> [What you will do]: Lines below starting with the line with "Photo by thejasongenesis" and going on through the line with "Mì gói cũng" must be output exactly; the rest of the records must be left out.

> [Items from a data source]:
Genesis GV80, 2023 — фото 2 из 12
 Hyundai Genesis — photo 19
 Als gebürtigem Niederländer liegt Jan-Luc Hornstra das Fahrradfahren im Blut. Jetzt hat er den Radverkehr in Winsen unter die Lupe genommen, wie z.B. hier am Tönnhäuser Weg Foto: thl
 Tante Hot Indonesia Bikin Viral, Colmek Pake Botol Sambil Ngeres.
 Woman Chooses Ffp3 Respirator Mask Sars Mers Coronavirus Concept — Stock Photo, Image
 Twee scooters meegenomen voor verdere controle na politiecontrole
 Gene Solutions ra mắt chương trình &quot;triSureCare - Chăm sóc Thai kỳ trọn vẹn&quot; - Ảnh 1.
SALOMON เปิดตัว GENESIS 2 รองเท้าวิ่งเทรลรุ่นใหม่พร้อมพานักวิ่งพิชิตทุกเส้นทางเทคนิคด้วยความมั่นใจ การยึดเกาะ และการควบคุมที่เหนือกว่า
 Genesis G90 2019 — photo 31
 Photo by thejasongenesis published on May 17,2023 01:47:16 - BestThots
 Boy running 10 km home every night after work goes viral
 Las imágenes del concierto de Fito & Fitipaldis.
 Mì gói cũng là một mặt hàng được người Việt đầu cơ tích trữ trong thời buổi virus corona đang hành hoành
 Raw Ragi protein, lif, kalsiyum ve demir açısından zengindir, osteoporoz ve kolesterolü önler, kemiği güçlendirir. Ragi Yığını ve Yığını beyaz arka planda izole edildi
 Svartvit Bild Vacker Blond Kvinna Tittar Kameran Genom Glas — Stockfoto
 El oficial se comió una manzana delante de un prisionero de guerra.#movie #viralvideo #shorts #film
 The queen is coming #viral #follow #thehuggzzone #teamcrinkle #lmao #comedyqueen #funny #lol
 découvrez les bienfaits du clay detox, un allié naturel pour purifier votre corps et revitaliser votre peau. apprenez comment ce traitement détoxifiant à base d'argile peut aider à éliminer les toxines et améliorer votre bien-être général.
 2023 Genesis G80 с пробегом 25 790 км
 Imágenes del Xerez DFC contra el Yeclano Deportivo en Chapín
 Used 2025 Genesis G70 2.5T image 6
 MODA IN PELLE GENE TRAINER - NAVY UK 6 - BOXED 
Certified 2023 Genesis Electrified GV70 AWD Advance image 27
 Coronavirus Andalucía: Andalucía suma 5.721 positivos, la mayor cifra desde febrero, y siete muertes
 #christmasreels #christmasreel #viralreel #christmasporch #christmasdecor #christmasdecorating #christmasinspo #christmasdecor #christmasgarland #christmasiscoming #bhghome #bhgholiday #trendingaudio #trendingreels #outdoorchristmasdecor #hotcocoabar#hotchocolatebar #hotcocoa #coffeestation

> [Exercise answer]:
 Photo by thejasongenesis published on May 17,2023 01:47:16 - BestThots
 Boy running 10 km home every night after work goes viral
 Las imágenes del concierto de Fito & Fitipaldis.
 Mì gói cũng là một mặt hàng được người Việt đầu cơ tích trữ trong thời buổi virus corona đang hành hoành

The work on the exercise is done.